Rising account guy Pete Campbell leaves the office just as a model who came to a Maidenform casting call is getting in the elevator. The casting call brought out all of the crudeness of the time: Peggy was kept outside, as the men of the agency "bra-ditioned" the women behind closed doors. (Peggy gets angry and announces, "I have a good eye for this!") Pete chats the disappointed model up, and ends up going home with her (shades of Peggy.) Despite their apparent non-chemistry, they have sex in her one-room apartment as her mother (in an unusual bit of 1962 parenting) is sequestered without complaint on the other side of a plastic divider. Meanwhile, the TV blares about the "sanctity of space." Pete gets home to his fancy Upper East Side digs around dawn, and has to look himself in the mirror.
We get to see two sides of Peggy as well -- she finds out that the agency invited the Playtex group out to a stripper bar. "If we were to take you to see some women in their underwear, would that be too much like work?" That's what Fred -- the account guy who plays Mozart on his zipper, and tells Peggy to write some "titillating copy" while hitting her on the ass -- says to the Playtex guys. They go to the Tom-Tom -- another double! After Joan advises Peggy that if she wants to be taken seriously she has to stop dressing like a little girl, she shows up in a sexy, low-cut cocktail dress, and the client not only tells her to stay, but plunks her down on his lap. (Did Mary Wells start out this way?)

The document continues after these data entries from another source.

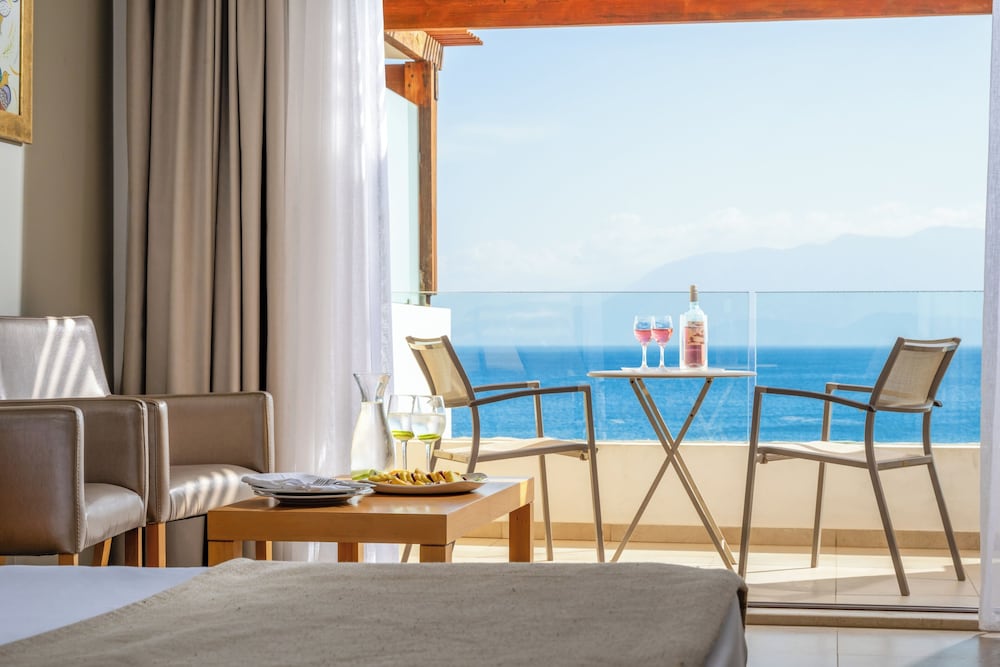 Miramare Resort & Spa — Hotel rooms in Ammoudara (Agios Nikolaos)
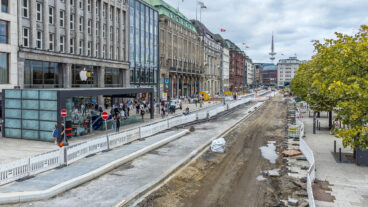 Nur noch halb so breit wird die Straße am Hamburger Jungfernstieg in Zukunft sein. Der Umbau ist in vollem Gange.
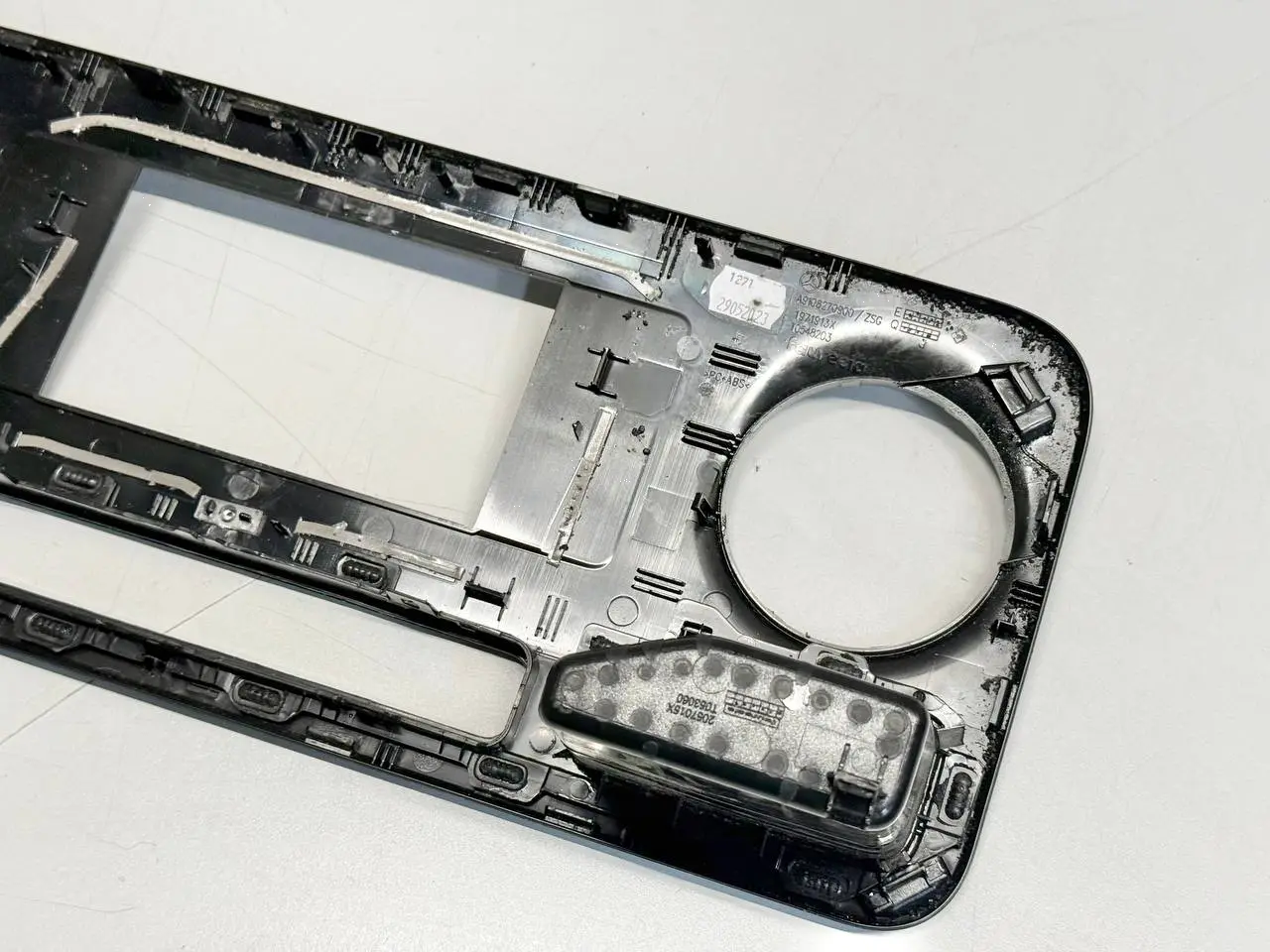Verkleidung Radio Mercedes Benz W907 Sprinter 311 CDI 2023 A9108270900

While this scene is painful to watch, it does illustrate the frustrating and confining possibilities for women in business at the time. Still, Peggy's sexing herself up as her route for success seems dubious. Pete gives her a disapproving look, betraying jealousy, anger, and an obvious double standard.
A similar thing happens between Don and his wife. She serves her kids breakfast in a flaming tangerine bikini outfit -- and looks better in it than the zaftig women modeling the bathing suits at the country club during a "ribs and fashion show." But an angry and controlling Don tells her to take it off. "It's desperate," he says.
Before the bikini fashion show, the scene at the country club on Memorial Day included a salute to war heroes. "Heroes, on your feet!" the MC says. Don stands up, to applause and an adoring look from his little girl.
In the final scene, his daughter Sally comes into the bathroom to watch him shave. (Again, a mirror figures heavily in the scene.) "I'm not going to talk. I don't want you to cut yourself," she says, looking up with love. And perhaps the pang of all of his collective lies and lack of heroism gets to him. He tells her to leave, and sits down on the toilet, a small, unhappy, isolated figure, seen twice -- once as himself, once as his mirror image.